Investing.com - Oil prices continued to tumble on Monday as investors weighed the possibility of the Organization of Petroleum Exporting Countries and Russia ceasing curbs on production levels, while increasing U.S. shale output also dampened sentiment.
New York-traded West Texas Intermediate crude futures fell $1.29, or about 1.8%, to $66.64 a barrel by 10:21AM ET (14:21GMT).
Meanwhile, Brent crude futures, the benchmark for oil prices outside the U.S., lost 96 cents, or roughly 1.3%, to $75.48 a barrel.
OPEC and Russia were reported last week to consider lifting production to meet shortfalls from Iran and Venezuela, while Russian energy minister Alexander Novak said Saturday that a return to oil production levels that were in place in October 2016, the baseline for the current deal to cut output, was one of the options being discussed.

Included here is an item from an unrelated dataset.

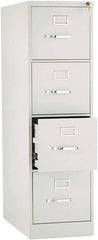 Hon - 15" Wide x 52" High x 26-1/2" Deep, 4 Drawer Vertical File with Lock - Steel, Light Gray - Eagle Tool & Supply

The Organization of the Petroleum Exporting Countries and non-OPEC producers led by Russia have been curbing output by about 1.8 million barrels per day (bpd) to prop up oil prices and reduce high global oil stocks. The pact began in January 2017 and is set to expire at the end of 2018.
Novak stipulated that any decision would be made at the meetings of OPEC and non-OPEC countries in Vienna on June 22-23.
Also weighing on crude prices, the latest weekly data on U.S. drilling showed that production continued to escalate. U.S. drillers added 15 oil rigs last week, bringing the total count to 859, the highest number since March 2015, underscoring worries about rising U.S. output.
Domestic oil production - driven by shale extraction - has already surged by more than 27% in the last two years, to an all-time high of 10.73 million barrels per day, leaving the U.S. close on the heels of Russia’s leading 11 million bpd.
In other energy trading, gasoline futures fell 1.8% to $2.1356 a gallon by 10:23AM ET (14:23GMT), while heating oil slid 1.1% to $2.1816 a gallon.
Lastly, natural gas futures rose 1.0% to $2.993 per million British thermal units.